Poszukiwania zaczęłam od przejrzenia listy imion najczęściej nadawanych w Polsce, opublikowanej przez Ministerstwo Spraw Wewnętrznych. Dowiedziałam się, że chłopcy urodzeni w zeszłym roku przeważnie zostawali Jakubami, Kacprami i Filipami, zaś dziewczynki: Juliami, Lenami i Majami. To ładne imiona, ale postanowiłam je skreślić, bo nie chcę, by moje dziecko było jednym z kilkorga Kubusiów lub jedną z wielu Julek w klasie, tak jak ja byłam kiedyś jedną z kilku Magd. To niepraktyczne.
Przeglądając tematyczne fora internetowe zauważyłam, że podobnie myśli coraz więcej mam. Niektóre skrupulatnie śledzą wszelkie rankingi i radzą sobie nawzajem, że najlepiej imię dla dziecka wybrać z drugiej lub trzeciej dziesiątki (czyli coś pomiędzy Adamem a Patrykiem, albo Hanną a Kingą). Jednak wiele osób uważa, że nawet i one są zbyt pospolite, a dziecko powinno nosić imię podkreślające jego indywidualność. Użytkowniczki forum „Wszystko o imionach” zorganizowały nawet własny plebiscyt i ułożyły ranking imion, które - ich zdaniem - mają obecnie największą klasę i urok. Według nich są to: Jeremi, Michał i Feliks oraz Idalia, Łucja i Rozalia. Choć niektóre z nich są piękne, inne wydają mi się zbyt pretensjonalne. Podobne zdanie mają zwolenniczki prostoty, przekonując, że poczucie wyjątkowości rodzice powinni kształtować w dziecku, nie poprzez nietypowe imię lecz poprzez wychowanie i odkrywanie jego talentów. Dlatego same pozostają pod urokiem imion popularnych niemal w każdej generacji, jak Anna, Katarzyna, Piotr czy Tomasz. Silny jest także trend nadawania imion retro, jak Stefania, Helena, Józef czy Tadeusz.
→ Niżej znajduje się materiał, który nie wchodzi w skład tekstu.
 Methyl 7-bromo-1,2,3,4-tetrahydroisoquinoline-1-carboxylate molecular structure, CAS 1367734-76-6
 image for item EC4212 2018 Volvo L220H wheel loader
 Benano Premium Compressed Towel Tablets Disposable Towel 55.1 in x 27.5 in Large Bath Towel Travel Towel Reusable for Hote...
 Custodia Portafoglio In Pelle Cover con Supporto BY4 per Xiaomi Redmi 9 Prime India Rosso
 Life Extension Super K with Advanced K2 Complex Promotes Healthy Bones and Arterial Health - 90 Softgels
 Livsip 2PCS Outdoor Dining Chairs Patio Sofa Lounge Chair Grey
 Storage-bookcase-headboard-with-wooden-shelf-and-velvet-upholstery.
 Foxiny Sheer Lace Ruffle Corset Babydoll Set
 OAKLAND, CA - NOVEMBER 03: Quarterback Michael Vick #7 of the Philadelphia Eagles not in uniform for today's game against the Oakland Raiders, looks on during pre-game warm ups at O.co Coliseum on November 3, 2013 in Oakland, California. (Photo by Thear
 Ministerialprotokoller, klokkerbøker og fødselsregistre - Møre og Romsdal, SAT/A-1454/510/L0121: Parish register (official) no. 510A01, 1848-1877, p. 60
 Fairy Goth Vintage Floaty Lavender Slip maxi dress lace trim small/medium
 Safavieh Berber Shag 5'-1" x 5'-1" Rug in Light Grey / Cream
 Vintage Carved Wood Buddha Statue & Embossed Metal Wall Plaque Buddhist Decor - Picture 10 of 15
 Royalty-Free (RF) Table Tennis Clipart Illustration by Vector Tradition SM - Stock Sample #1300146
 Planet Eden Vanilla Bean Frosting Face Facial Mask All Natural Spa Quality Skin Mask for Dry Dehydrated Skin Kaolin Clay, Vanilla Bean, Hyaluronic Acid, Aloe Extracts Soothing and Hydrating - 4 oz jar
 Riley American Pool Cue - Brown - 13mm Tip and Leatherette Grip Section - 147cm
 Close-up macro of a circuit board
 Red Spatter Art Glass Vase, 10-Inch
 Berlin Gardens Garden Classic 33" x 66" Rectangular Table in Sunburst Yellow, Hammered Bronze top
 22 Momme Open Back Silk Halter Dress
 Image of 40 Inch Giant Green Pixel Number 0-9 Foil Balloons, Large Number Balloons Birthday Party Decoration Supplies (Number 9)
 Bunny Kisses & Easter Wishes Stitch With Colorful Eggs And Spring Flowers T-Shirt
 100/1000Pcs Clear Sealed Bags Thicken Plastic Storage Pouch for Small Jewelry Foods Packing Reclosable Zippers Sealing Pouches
Osoby, które je wybierają, postulują powrót do tradycji, jako alternatywę dla ślepej pogoni za modą zachodnią i tworzenia takich potworków, jak Dżesika, Brajan czy Kewin. Ale przecież same też ulegają modzie na imiona, które wielu osobom wydają się, po prostu, staroświeckie.
Olbrzymi wybór i różne opinie na temat tego, jakie powinno być to jedyne, najlepsze imię dla dziecka sprawia, że wciąż nie potrafię dokonać wyboru.

A Wy jaki klucz stosowaliście, wybierając imiona dla Waszych dzieci?